County in Arkansas, United States

Cleveland County (formerly known as Dorsey County) is a county located in the U.S. state of Arkansas. Its population was 7,550 at the 2020 U.S. census. The county seat and largest city is Rison. Cleveland County is included in the Little Rock-North Little Rock-Conway, AR Metropolitan Statistical Area. Cleveland County is 598 sq. miles, and ranks 57th of Arkansas's 75 counties in terms of size.

==History==
The Arkansas legislature established Dorsey County as Arkansas's 71st county on April 17, 1873, naming it for Stephen W. Dorsey, the U.S. Senator from Arkansas. When he was indicted for defrauding the Post Office, they renamed it on March 5, 1885, for Grover Cleveland, the newly elected President of the United States.

The Battle of Marks' Mills, the pivotal engagement in the Union Army's ill-fated Camden Expedition during the U.S. Civil War, took place in what is now Cleveland County. This engagement resulted in a crushing victory for Confederate forces, though the victory ultimately proved to be hollow when Federal General Frederick Steele and the rest of his army managed to escape from Camden to Little Rock.

==Geography==
According to the U.S. Census Bureau, the county has a total area of 599 sqmi, of which 598 sqmi is land and 1.0 sqmi (0.2%) is water.

===Major highways===

- U.S. Highway 63
- U.S. Highway 79
- U.S. Highway 167
- Highway 8
- Highway 11
- Highway 15 (now US 63)
- Highway 35
- Highway 54
- Highway 97
- Highway 114
- Highway 133
- Highway 189
- Highway 212

===Adjacent counties===
- Grant County (northwest)
- Jefferson County (northeast)
- Lincoln County (east)
- Drew County (southeast)
- Bradley County (south)
- Calhoun County (southwest)
- Dallas County (west)

==Demographics==

Historical population
| Census | Pop. | Note | %± |
| 1890 | 11,362 |  | — |
| 1900 | 11,620 |  | 2.3% |
| 1910 | 13,481 |  | 16.0% |
| 1920 | 12,260 |  | −9.1% |
| 1930 | 12,744 |  | 3.9% |
| 1940 | 12,570 |  | −1.4% |
| 1950 | 8,956 |  | −28.8% |
| 1960 | 6,944 |  | −22.5% |
| 1970 | 6,605 |  | −4.9% |
| 1980 | 7,868 |  | 19.1% |
| 1990 | 7,781 |  | −1.1% |
| 2000 | 8,571 |  | 10.2% |
| 2010 | 8,689 |  | 1.4% |
| 2020 | 7,550 |  | −13.1% |
| 2025 (est.) | 7,224 | Decrease | −4.3% |
U.S. Decennial Census 1790–1960 1900–1990 1990–2000 2010

===2020 census===
As of the 2020 census, the county had a population of 7,550. The median age was 44.8 years. 21.3% of residents were under the age of 18 and 21.4% of residents were 65 years of age or older. For every 100 females there were 96.0 males, and for every 100 females age 18 and over there were 93.6 males age 18 and over.

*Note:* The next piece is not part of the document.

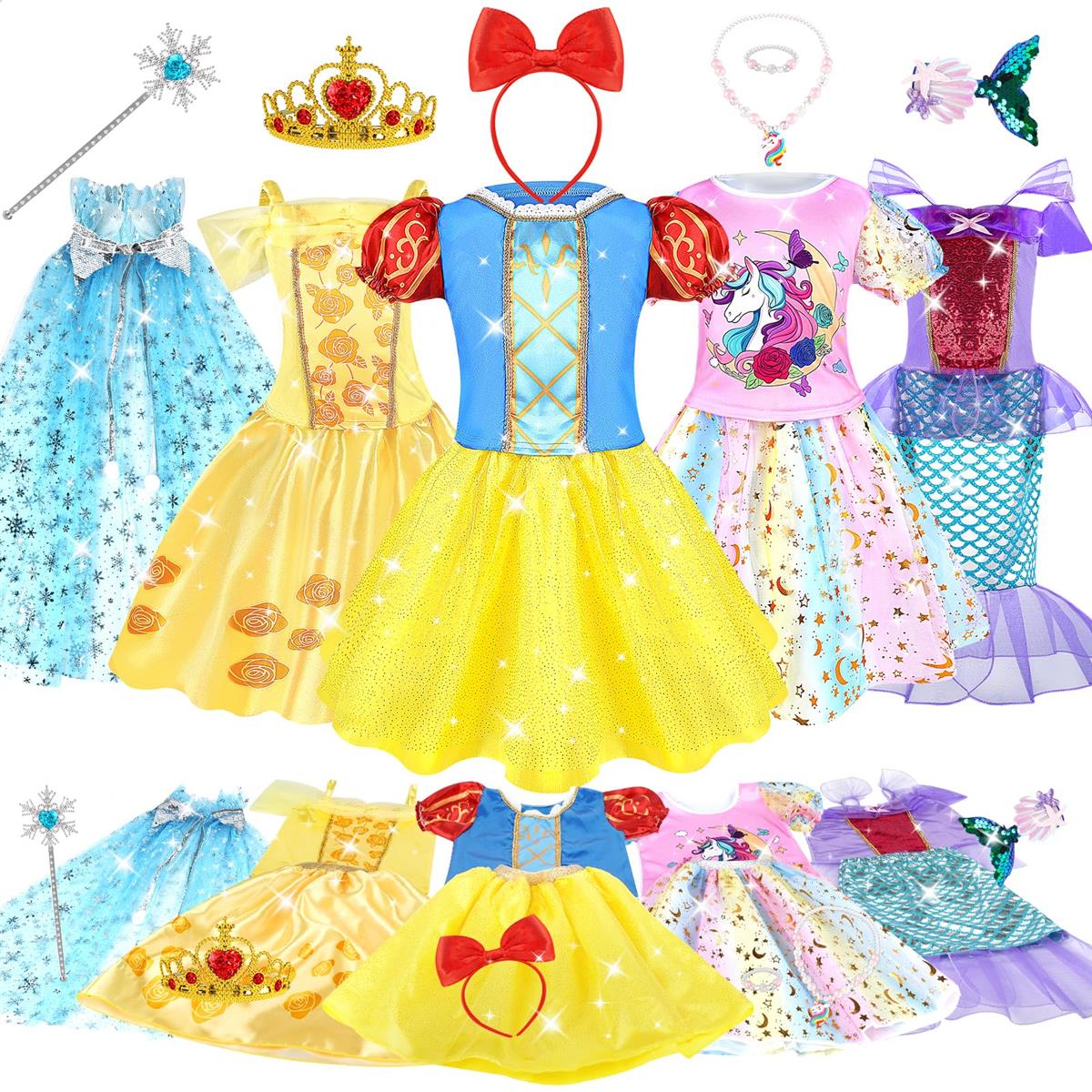 プリンセス ドレス キッズ ドレス 4着 マント1着セプター クラウン ジュエリー ヘアクリップ アクセサリー付き 女の子 おもちゃ 女の子 プレゼント 3 4 5 6 歳女の子誕生日プレゼント クリスマスプレゼント 女子 おしゃれ 誕生 日 プレゼント Dreamon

The racial makeup of the county was 85.6% White, 9.1% Black or African American, 0.5% American Indian and Alaska Native, 0.1% Asian, <0.1% Native Hawaiian and Pacific Islander, 1.2% from some other race, and 3.5% from two or more races. Hispanic or Latino residents of any race comprised 2.4% of the population.

<0.1% of residents lived in urban areas, while 100.0% lived in rural areas.

There were 3,101 households in the county, of which 29.2% had children under the age of 18 living in them. Of all households, 53.6% were married-couple households, 17.6% were households with a male householder and no spouse or partner present, and 24.1% were households with a female householder and no spouse or partner present. About 26.5% of all households were made up of individuals and 13.6% had someone living alone who was 65 years of age or older.

There were 3,570 housing units, of which 13.1% were vacant. Among occupied housing units, 80.5% were owner-occupied and 19.5% were renter-occupied. The homeowner vacancy rate was 1.5% and the rental vacancy rate was 6.4%.

===2000 census===
As of the 2000 United States census, there were 8,571 people, 3,273 households, and 2,513 families residing in the county. The population density was 14 /mi2. There were 3,834 housing units at an average density of 6 /mi2. The racial makeup of the county was 84.79% White, 13.22% Black or African American, 0.32% Native American, 0.14% Asian, 0.04% Pacific Islander, 0.68% from other races, and 0.83% from two or more races. 1.62% of the population were Hispanic or Latino of any race.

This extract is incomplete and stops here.